Identifikation von differentiell exprimierten Genen in soliden Tumoren verschiedener Herkunft

Studienziel: Identifikation von differentiell exprimierten Genen in soliden Tumoren verschiedener Herkunft
Software: Excel, SAM
Kriterien für die von Kanditatengenen: SAM q Wert < 25% und differentielle Expression in mindestens 10 verschiedenen Tumorgeweben
Ergebnisse: The majority of malignant tumors are solid tumors. Of these, cancer originating from epithelial cells are the most common. It is well known that most of the carcinomas harbour mutations in the same tumor suppressor genes like p53 and p16. Nevertheless, no common expression profile of solid tumors has been described so far. Therefore we were interested if genes differentially expressed in the majority of carcinomas could be identified using a meta-analysis approach. Complete data sets from the Stanford microarray database, the GEO database and the URLs described in the respective publications were downloaded for carcinomas of the prostate, breast, lung, ovary, colon, pancreas, stomach, bladder, liver, and kidney. All data available for download until April 2003 were included. Subsequently, all datasets were subjected to an expression analysis using SAM. In each experiment genes were scored as differentially expressed if the q-value was below 25%. Representative sequences of the probes of the different microarrays were obtained and compared to the Unigene build 155 using blastN. To obtain differentially expressed genes within the set of analysed carcinomas the number of observed differential expression in the experiments were counted.
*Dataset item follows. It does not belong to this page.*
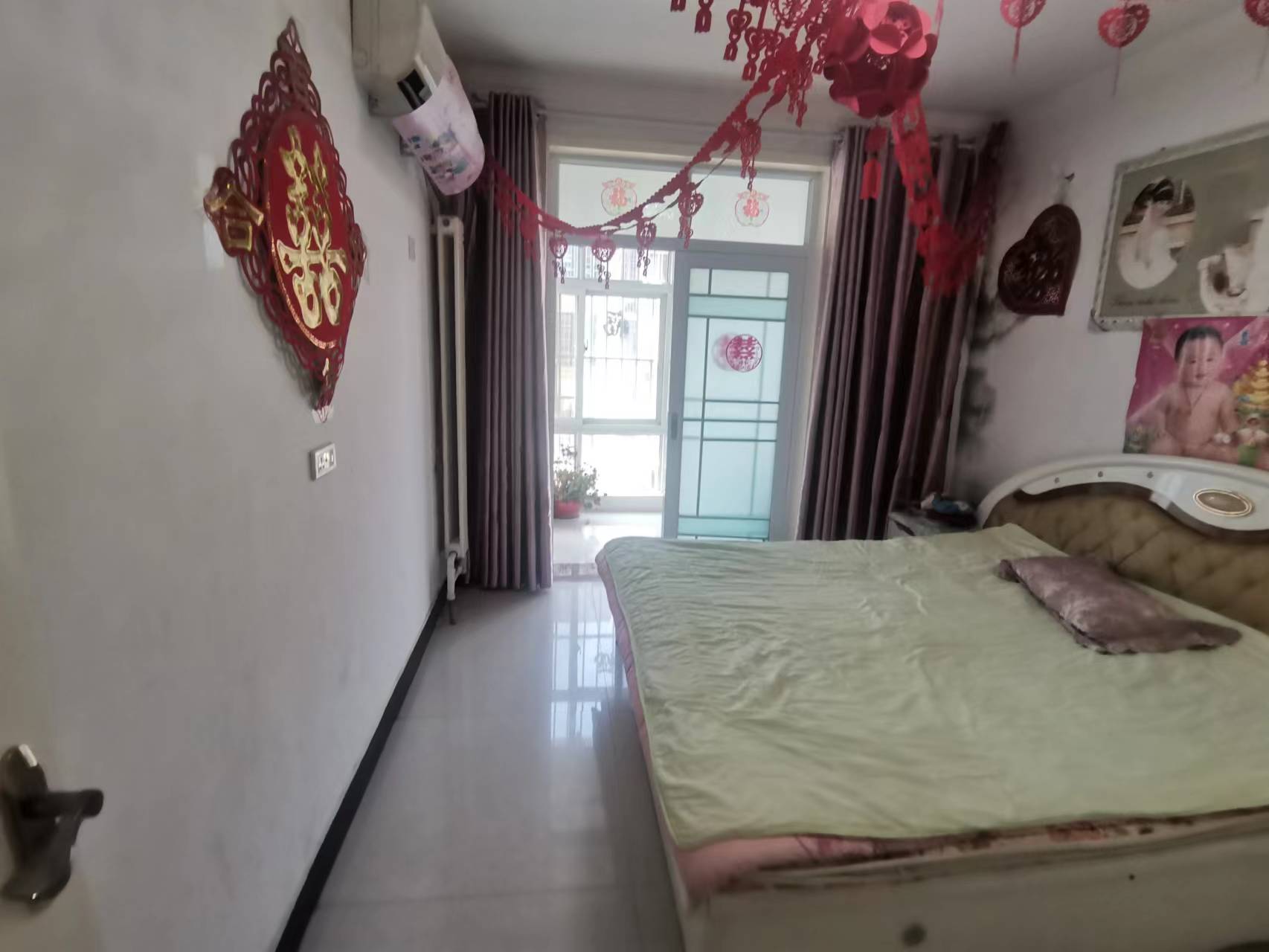 平顶山桃花源,平顶山桃花源的房子值得买吗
Differentially expression was assigned to genes if they were differentially expressed in at least eight experiments with tumors from different origin and have not been identified as differentially expressed within the counter direction, e.g. a gene was upregulated in eight but downregulated in none of the experiments. Using this approach we identified 100 genes as upregulated and 21 genes as downregulated in the carcinomas analysed. The genes represent various functional classes. Especially genes of the proteasome were found to be overexpressed. The most promising candidate genes are subjected to further validation. In summary, genes resembling a new source of potential diagnostic markers and targets for therapeutic intervention for the different types of carcinomas could be identified using a novel meta-analysis approach.